Pur Autre Vie

I'm not wrong, I'm just an asshole

Friday, May 27, 2016

A Very Tepid Defense of Single-Sex Bathrooms

Probably the best way to design bathrooms is to have separate, single-occupant bathrooms that can be used by either sex/gender.  No one is ever in the bathroom at the same time as anyone else (except a parent changing a child's diaper or whatever), and so there just isn't any issue.

But assuming you have bathrooms with multiple toilets, you then have the following issue:  someone else can follow you into the bathroom.  And at some times, in some places, it might be desirable for a woman to be able to go into a bathroom without a man following her.  A bathroom can function as a kind of ad hoc "safe space."  And I don't just mean safe from violence.  Sometimes a guy is too aggressive, or creepy, or whatever, and while the situation doesn't warrant getting the cops involved or anything, it is really helpful to have somewhere to go where the man can't follow.

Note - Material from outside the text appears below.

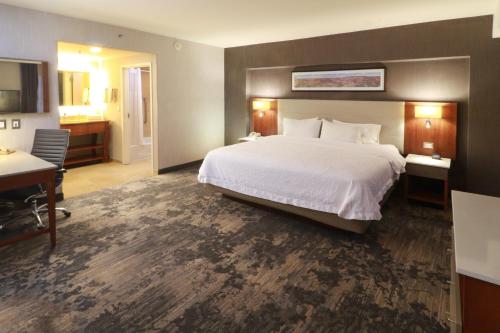 a hotel room with a large bed and a desk at Hampton by Hilton Chihuahua in Chihuahua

I'm not arguing that bathrooms should need to be used this way, or that there shouldn't be better alternatives.  I just think it's a reality that many establishments aren't going to establish a dedicated safe space apart from the restroom.

Now even if you allow transgender people to use the bathroom, that doesn't mean all sex/gender distinctions have to be abandoned.  But it turns a very clear transgression (what is a man doing in the women's bathroom?) into an ambiguous one (maybe it's okay because the "man" identifies as a woman).  And in the absence of a clear, unambiguous ability to tell a man to leave the bathroom, the bathroom loses its status as a safe place to go.

I want to emphasize that I don't regard this as sufficient reason to ban transgender people from bathrooms.  And as I said, probably from an architectural point of view, bathrooms should simply be single-occupant.  I'm just pointing out one potential downside that people should think about when they consider the issue.